### Directions
Please reproduce, exactly as given, the lines running from the start of the data to the line containing "Cat Riding Unicorn Golf Towel", inclusive, and omit the pictures.

### Data records
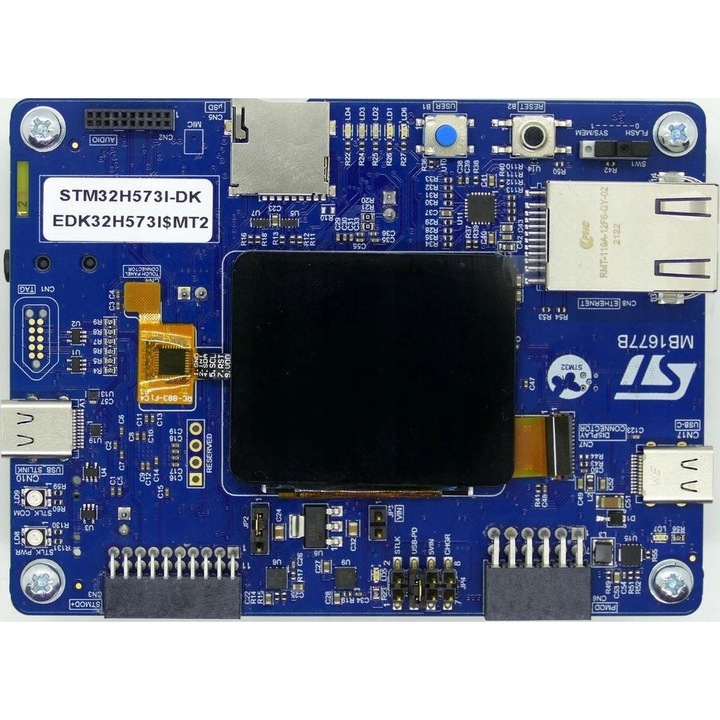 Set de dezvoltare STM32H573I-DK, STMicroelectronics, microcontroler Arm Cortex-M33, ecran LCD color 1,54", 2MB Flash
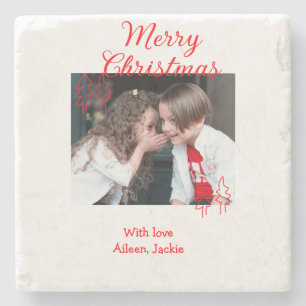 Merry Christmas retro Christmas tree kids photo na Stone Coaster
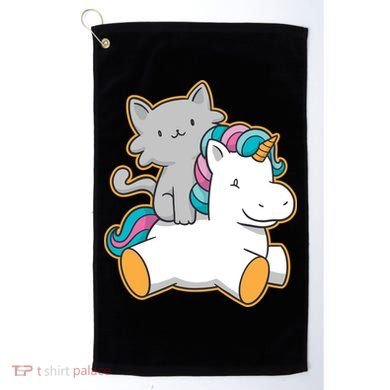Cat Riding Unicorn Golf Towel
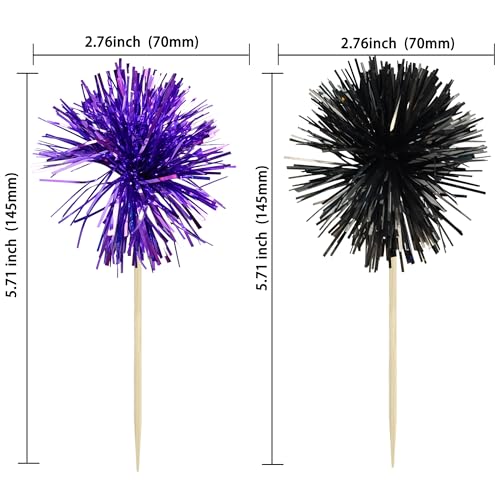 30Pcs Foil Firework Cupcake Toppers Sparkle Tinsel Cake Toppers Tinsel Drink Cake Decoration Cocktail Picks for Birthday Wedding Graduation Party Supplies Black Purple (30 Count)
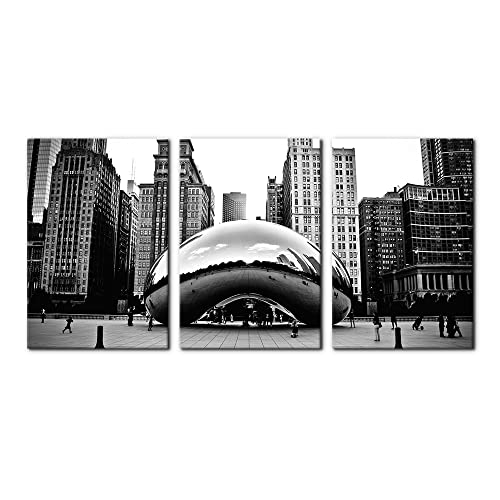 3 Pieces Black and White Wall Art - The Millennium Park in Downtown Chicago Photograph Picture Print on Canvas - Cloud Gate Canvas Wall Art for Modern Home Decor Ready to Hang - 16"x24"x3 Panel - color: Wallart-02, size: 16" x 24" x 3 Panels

### Completed exercise
 Set de dezvoltare STM32H573I-DK, STMicroelectronics, microcontroler Arm Cortex-M33, ecran LCD color 1,54", 2MB Flash
 Merry Christmas retro Christmas tree kids photo na Stone Coaster
Cat Riding Unicorn Golf Towel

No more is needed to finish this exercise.